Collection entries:
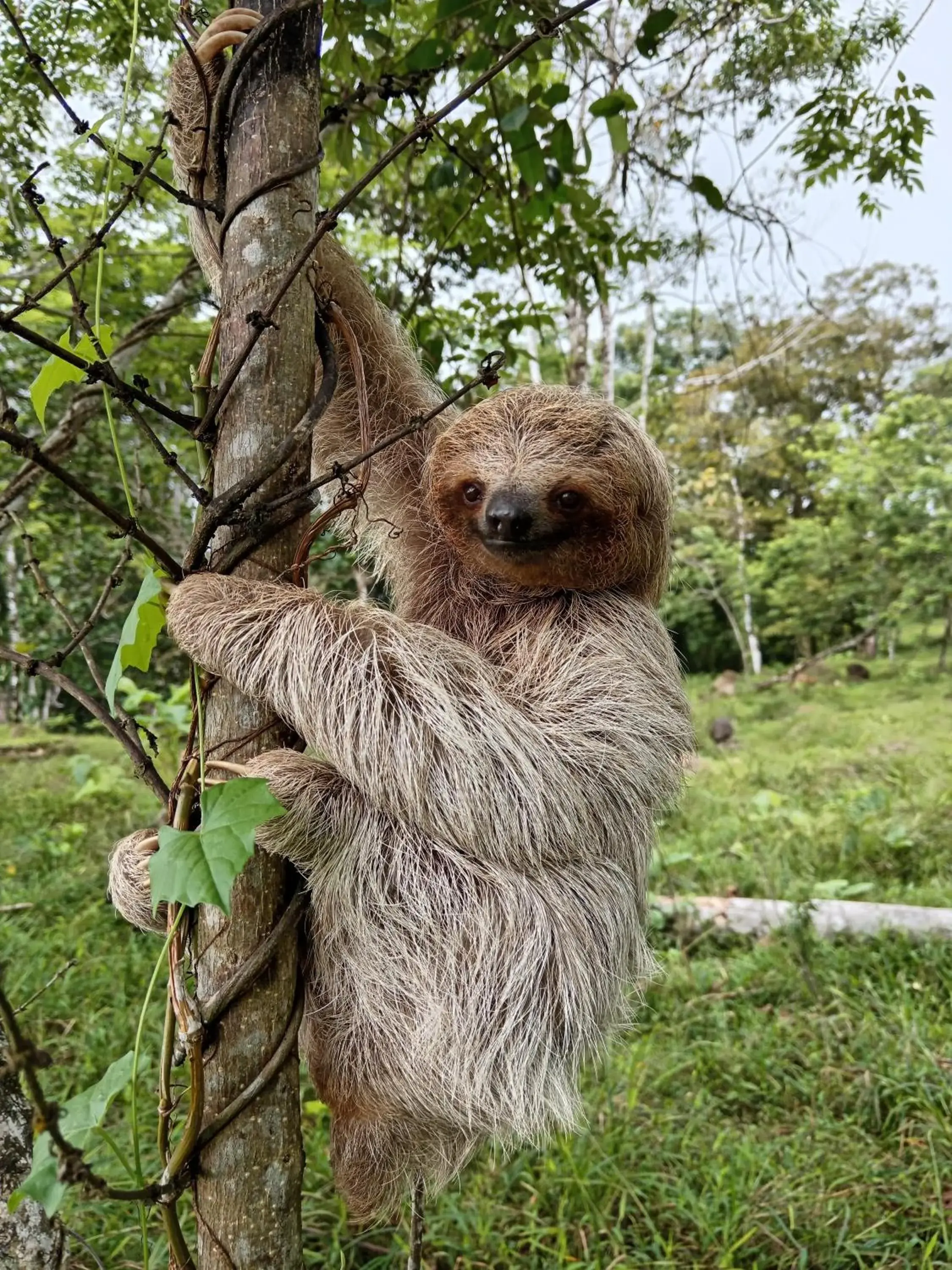 Posada Rural Río Celeste Posada Rural Río Celeste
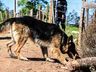 Núcleo de Operações com Cães é instalado em SMOeste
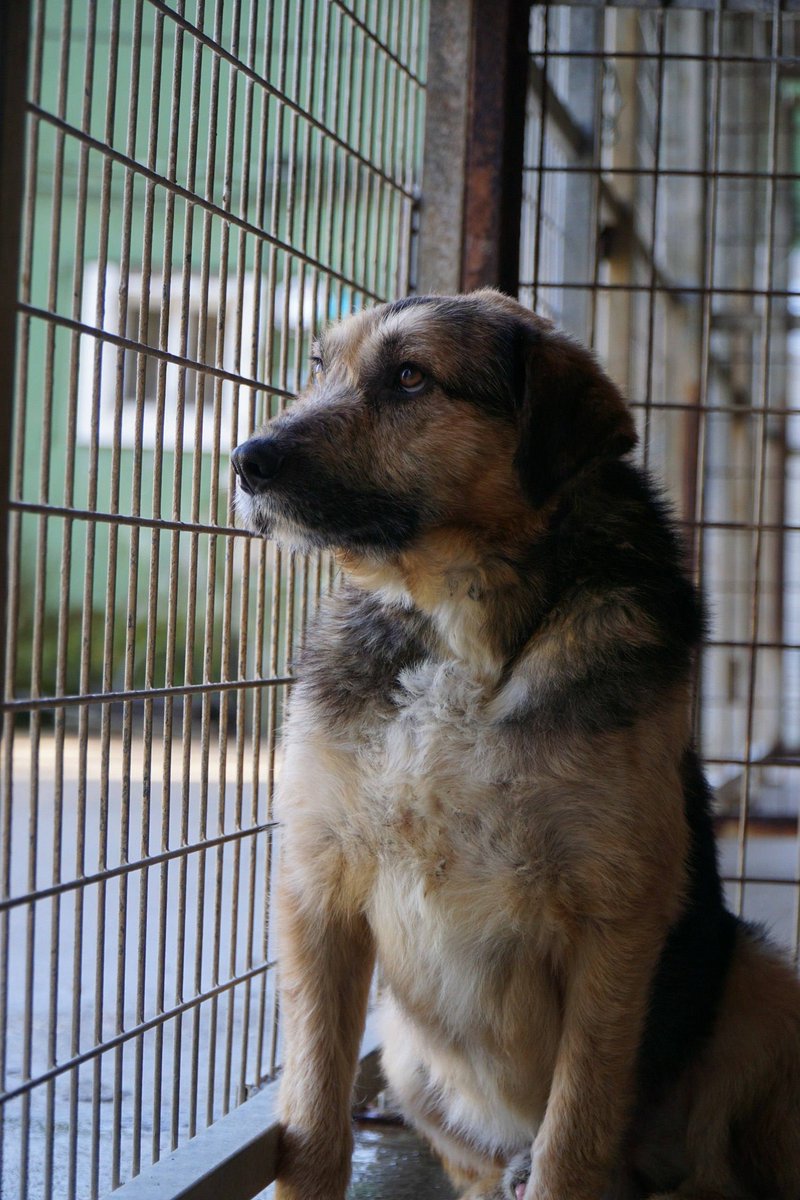 SOS Abuelos tweet media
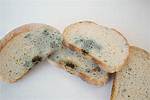 Do Moldy Bread Kill You?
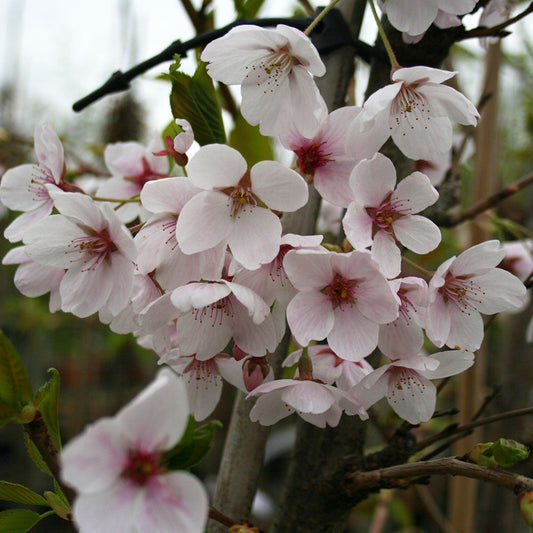 Prunus x Yedoensis - Tokyo Cherry Tree - Mix and Match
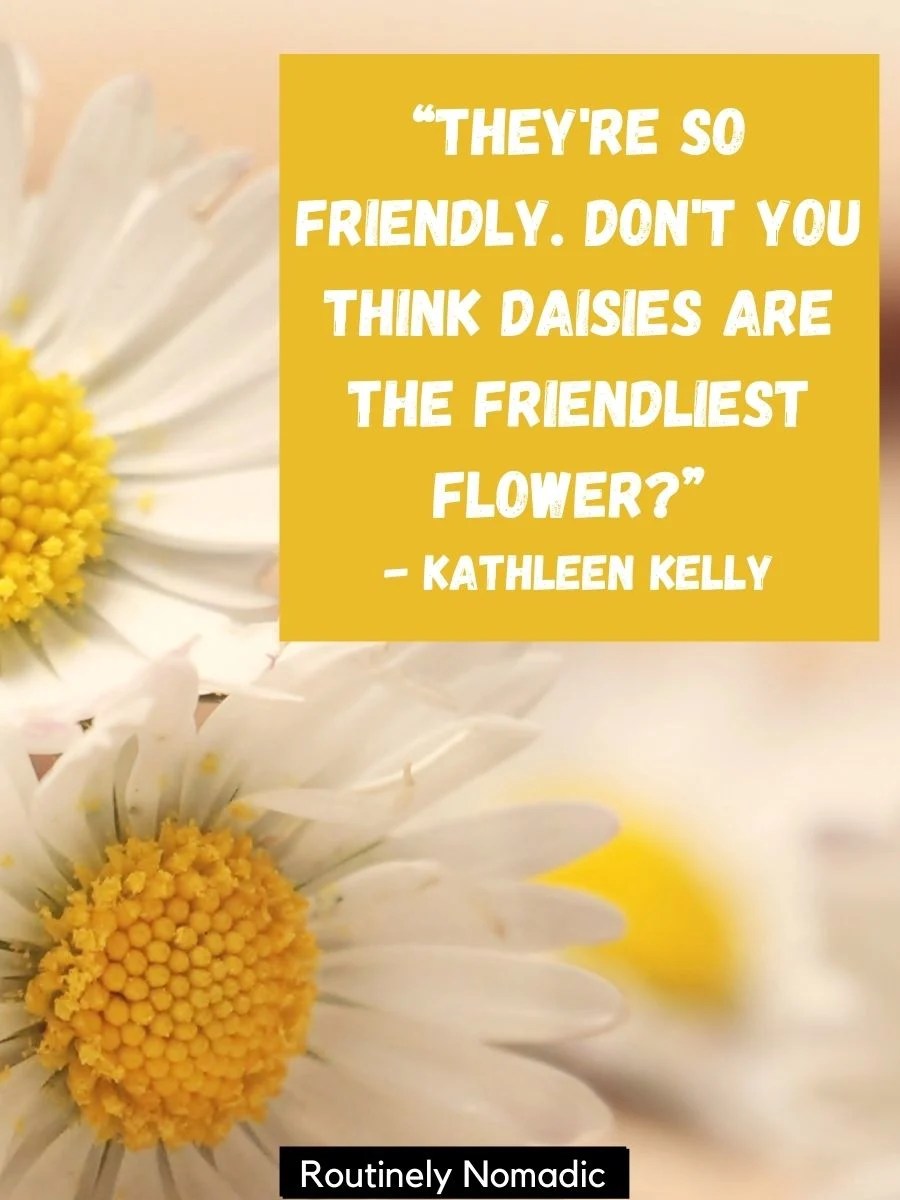 100 Captions About Flowers for Instagram Routinely Nomadic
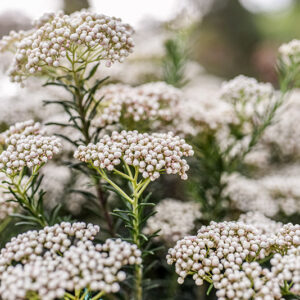 OZOTHAMNUS ROSMARINIFOLIUS, ROSEMARY EVERLASTING, ASTERACEAE - 2368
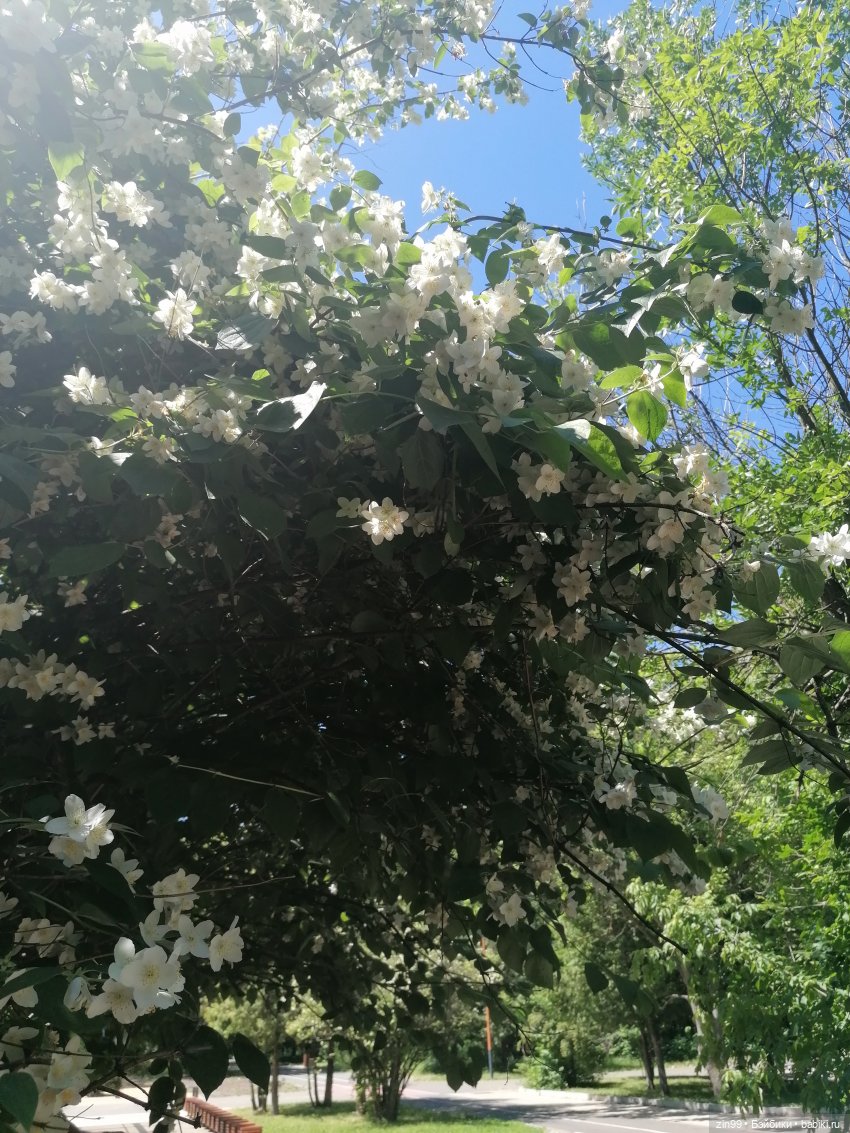 Близняшки Holly-две — Куклы Rainbow High (Рейнбоу Хай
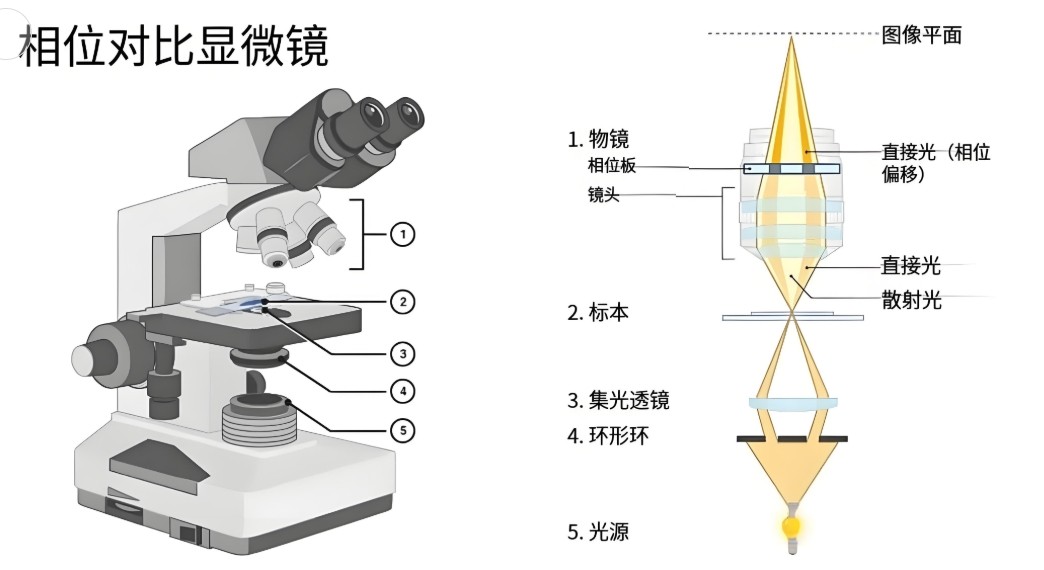 相差显微镜工作原理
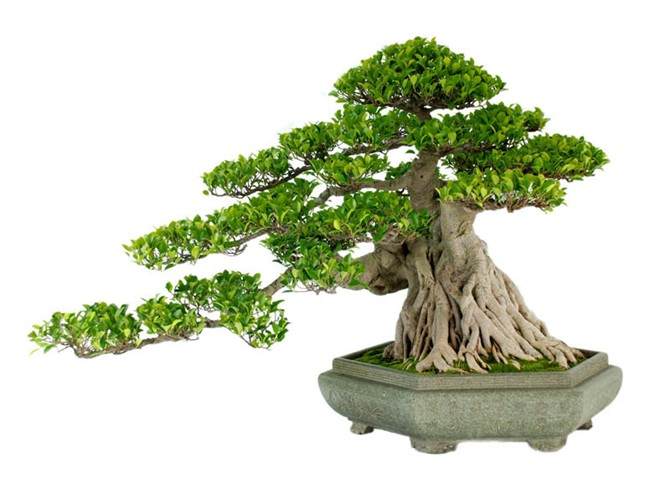 园林景观:假山与置石及盆景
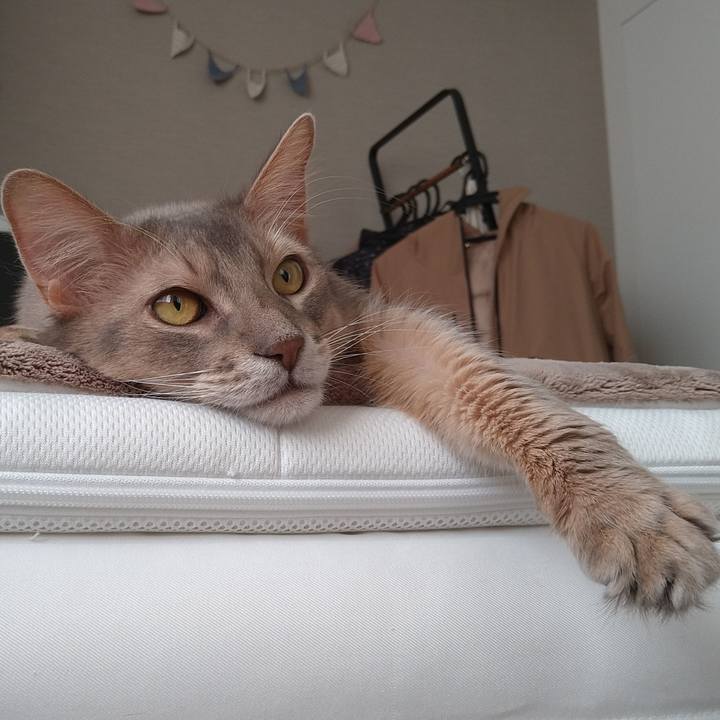 C6365994 ab03 437f 8c73 53dfd05fcdb9 1604556562222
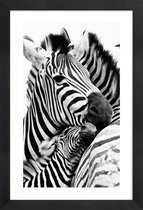 JUNIQE - Poster in houten lijst Zebras -20x30 /Wit & Zwart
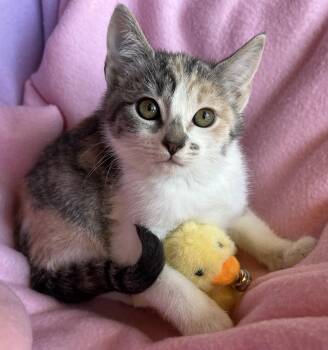 Nina -  Dilute Calico Cat for Adoption in Hood River, Oregon - Nina | PetCurious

- [Exercise]: Extract the part of the records that opens with the line containing "Do Moldy Bread Kill You?" and closes with the line containing "园林景观:假山与置石及盆景". Take only those lines, exactly, and no pictures.

- [Result of the exercise]:
 Do Moldy Bread Kill You?
 Prunus x Yedoensis - Tokyo Cherry Tree - Mix and Match
 100 Captions About Flowers for Instagram Routinely Nomadic
 OZOTHAMNUS ROSMARINIFOLIUS, ROSEMARY EVERLASTING, ASTERACEAE - 2368
 Близняшки Holly-две — Куклы Rainbow High (Рейнбоу Хай
 相差显微镜工作原理
 园林景观:假山与置石及盆景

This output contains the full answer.